Recently, endoscopic mucosal resection, which obtains a greater amount of tissue than the conventional biopsy method, was confirmed as a useful therapeutic procedure for early gastric and oesophageal cancers. This procedure also results in an improved differential diagnosis of malignant lymphoma occurring in digestive organs.26,27 In the case reported here, endoscopic mucosal resection of the oesophagus completely removed the two tumorous lesions and therefore no additional treatment was needed. We feel that this method should be made available to treat incipient low grade MALT lymphomas.

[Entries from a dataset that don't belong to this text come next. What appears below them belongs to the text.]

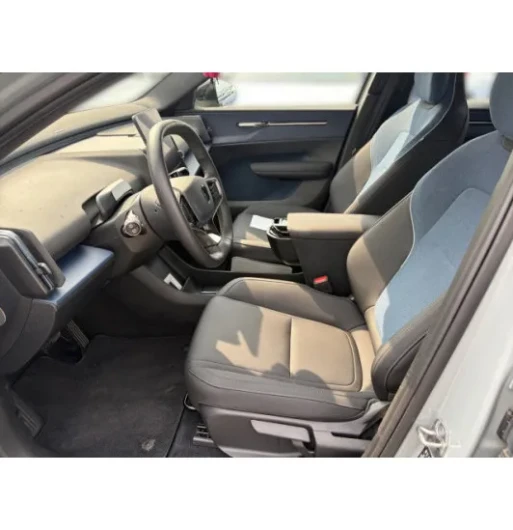 Volvo EX30 Twin M. Perf. Plus na operativní leasing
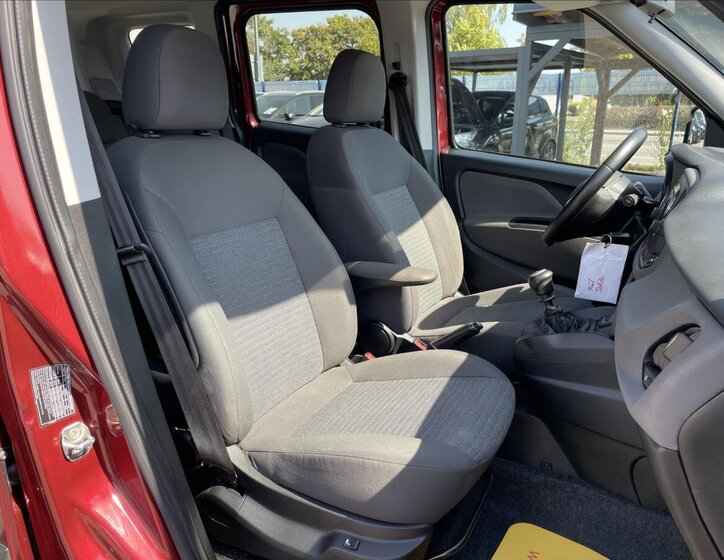 Fiat Dobló MPV 1,6 l 88 kw
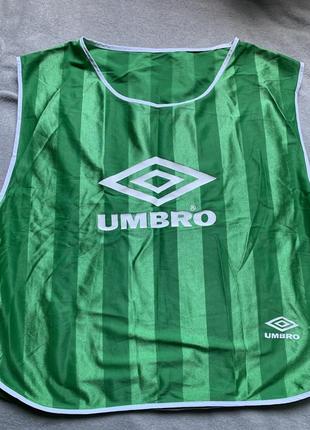 Спортивная майка манишка umbro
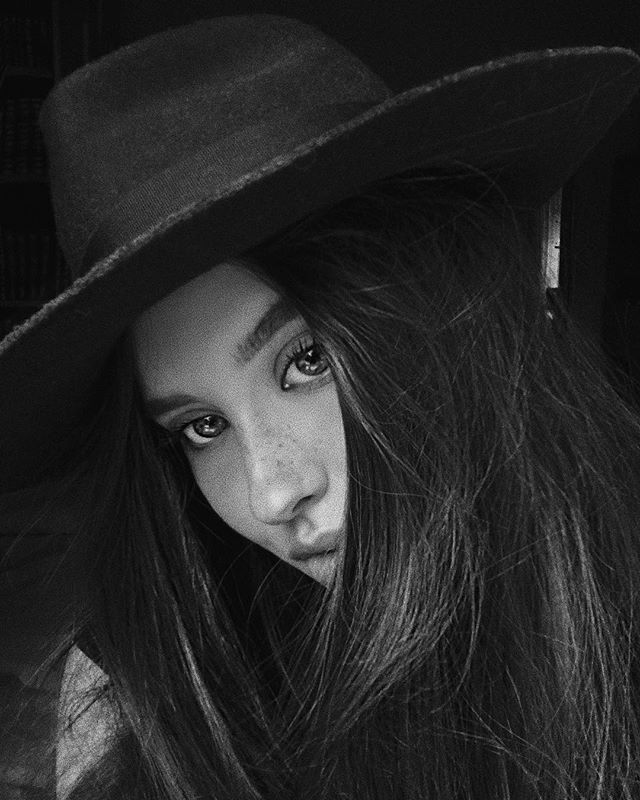 Katya Miró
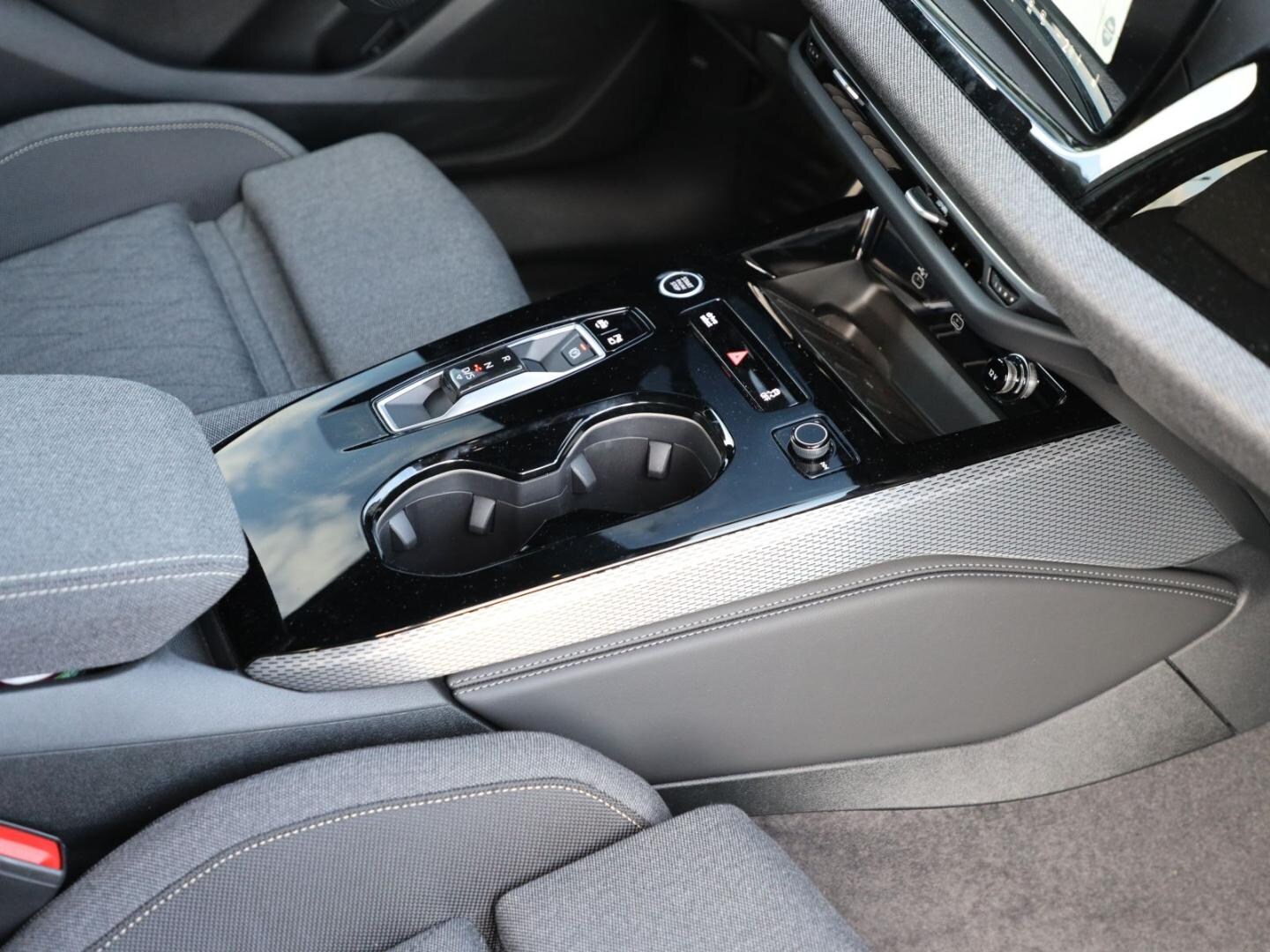 Bild über Audi A5 Avant TDI 150 kW S tronic - für weitere Informationen kontaktieren Sie den Audi Partner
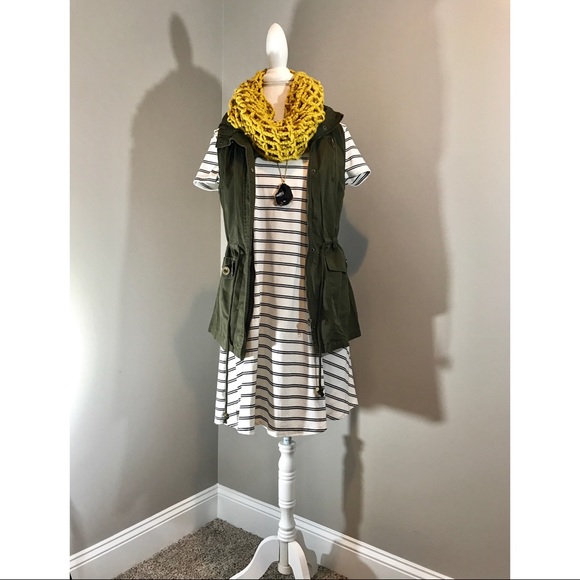 Class Favorite Dress - Picture 4 of 5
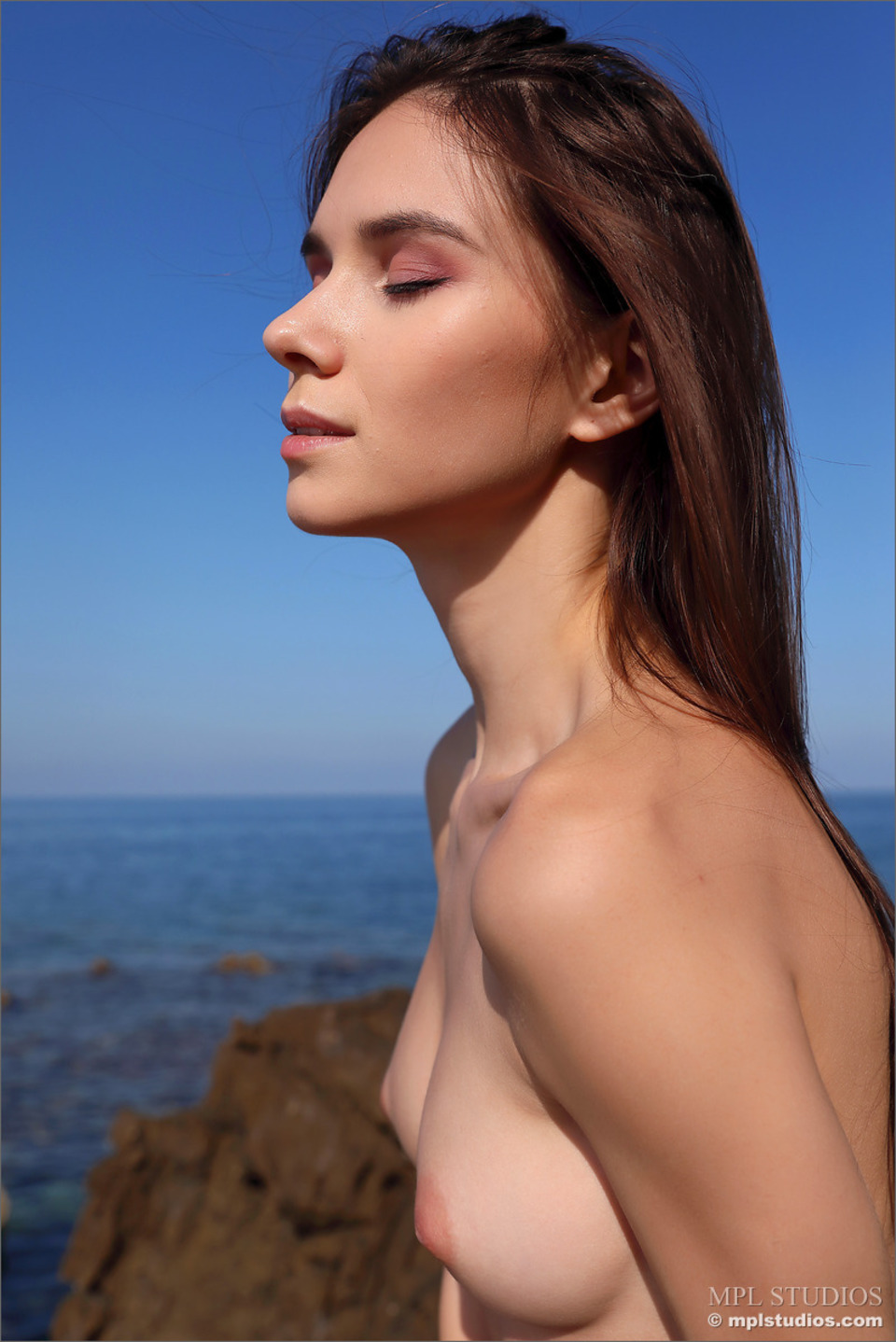 Leona Mia In True Blue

It is well known that H pylori infection of the gastric epithelium contributes towards the occurrence of MALT lymphomas of the stomach and gastric lymphoma without chromosomal aberration of t(11;18) and regresses completely after H pylori eradication therapy.28,29 In this case, no H pylori infection of the oesophagus was found and hence other factors such as the mechanical stimuli of food, hot water, and chemicals in meals may play an important role in the development of oesophageal MALT lymphomas. The mechanisms of the occurrence of oesophageal MALT lymphoma remained to be clarified.

Because the biological and clinical characteristics of MALT lymphoma of the oesophagus are currently unknown, further study is needed. It is important to accumulate information on, and to further investigate patients with, primary oesophageal MALT lymphoma.